Friday morning Rowena departed for work and we caught a number 20 bus into town getting off beside the big indoor Moor Market. High points of that visit were the amount of fresh fish, crabs and lobsters for sale so far from the sea, pigs trotters on display at a pork butchers stall (used to be common in Hull when I was young, but I've never seen one in Brighton) and a wealth of interesting bottled and canned beers on a specialist beer stall.
We walked on to the city library and the top floor Graves Art Gallery where there was an exhibition of works by 'The Scottish Colourists'. Four upper middle class boys born between 1871 and 1883, they all spent time in France, Paris especially, and found themselves (to varying degrees) drawn to Monet and Manet, and soon Matisse, with his use of strong colours, led them away from traditional tonal works towards a colourist approach. It has taken me about 20 minutes to create that sentence, I hope you liked it. I confess, it is a vast simplification of their development, but you can read 'The Scottish Colourists' by James Knox if you want some details.
Let me show you an example of each of their works, from eldest to youngest:
Luxembourg Gardens (c1910) Samuel John Peploe
La Terrace, Dinard (1900) John Duncan Ferguson (watercolour)
Villefranche (1927) Geo. Leslie Hunter
Roses (c 19130) Francis Campbell Boileau Cadell
My favourite is Peploe, and one in particular pleases me in an extra way - it reminds me of the style of a Brighton friend who died recently, Peter Morris. The use of a black outline in 'Trees at Cassis', and that strong light is very Peter Morris.
Trees at Cassis (1913) Peploe
If a city has a tram system I like to try it, so next it was a tram from outside the cathedral towards Kelham Island. I followed our journey on a map, which was good because it let me see that the recorded announcements about 'the next station is . . .' was out of synch with the stations, and we could have overshot our destination.
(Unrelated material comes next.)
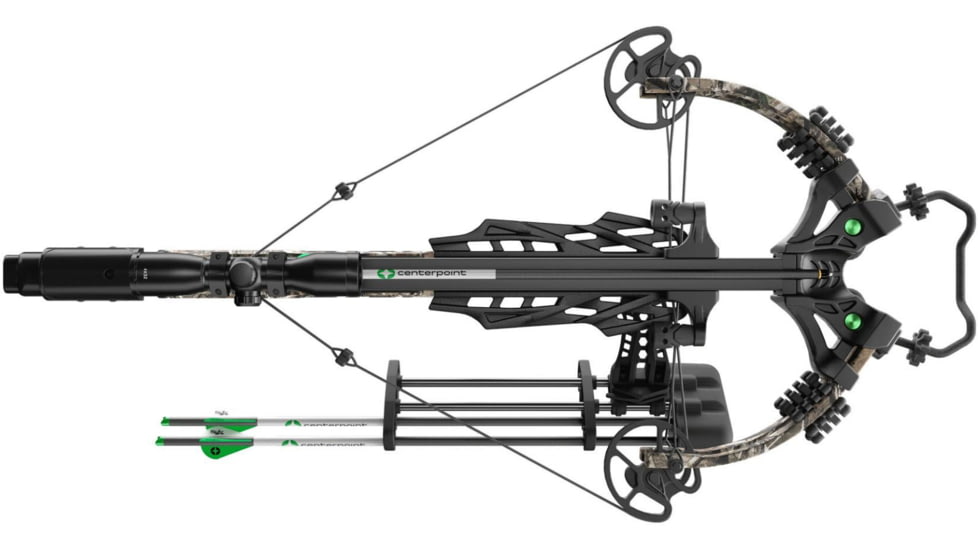 Centerpoint Xbow Kit Amped 425 4x32 Fold Stk Camo Power Draw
I mentioned it to the conductress, she said "yes, its been like that all week", with apparently no thought that it might confuse newcomers.
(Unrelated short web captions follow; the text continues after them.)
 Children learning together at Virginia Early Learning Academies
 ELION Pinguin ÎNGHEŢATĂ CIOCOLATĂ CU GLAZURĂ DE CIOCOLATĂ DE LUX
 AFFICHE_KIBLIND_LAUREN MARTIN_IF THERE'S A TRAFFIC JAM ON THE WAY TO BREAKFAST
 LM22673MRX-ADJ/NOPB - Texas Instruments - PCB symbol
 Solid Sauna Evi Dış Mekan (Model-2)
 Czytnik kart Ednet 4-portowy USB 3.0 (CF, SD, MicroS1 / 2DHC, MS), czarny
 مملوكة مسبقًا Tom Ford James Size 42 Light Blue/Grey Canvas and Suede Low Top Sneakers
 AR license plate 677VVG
Once we found our way to Kelham Island (the signage started us off OK, but then it ceased!) we had lunch and headed to the Kelham Island Museum with its Bessemer Converter front and centre:
This giant steel crucible was filled with molten iron direct from the blast furnace. Then air was blown into the molten mass, which reacted with carbon present in the iron, burning it to carbon dioxide whilst adding extra heat to the liquid iron. Too much carbon in the finished metal makes it brittle, by reducing the carbon to a known small percentage a much tougher malleable steel can be made.
We spent a long time here, enjoying the board-mounted trade displays of Sheffield made knives (made by cutlers, who put on the cutting edge and gave the collective name 'cutlery' to knives. The spoons and forks are made from flat metal sheet and pressed to give them their curves - collectively 'flatware'). Also steam engines, old hand-made cars, 19th century street recreations, artillery and more. But we were due to meet Rowena in the Kelham Island Tavern at 6pm, and I needed to try the beer in the Fat Cat first. Priorities.
The famous Fat Cat pub, once serving beers from the brewery next door which sadly closed down. But Thornbridge brew their beers for them now, so I still got a pint of Pale Rider.
Soon in Kelham Island Tavern which had just hosted a tap takeover by Vibrant Forest so was able to drink (mainly halves of) Pupa, Castanea and Inaudible (the best of those I tried), as well as Marble Brewery's Mild.
The bar of the Kelham Island Tavern - photo by Rowena, her smartphone is better in low light than my camera (actually an old cast-off of Rowena's)
Just in case you are interested (I'm eternally optimistic) Kelham Island is not really an island except in a very particular case. Its north side of the 'island' is the River Don, and the body of water forming the south side is a small mill leat, taking water from the Don a hundred yards to the west, and returning it to the Don downstream a hundred or so yards. On that basis both the Fat Cat and the Kelham Island Tavern are not on Kelham Island at all, but the museum and the now closed Kelham Island Brewery are.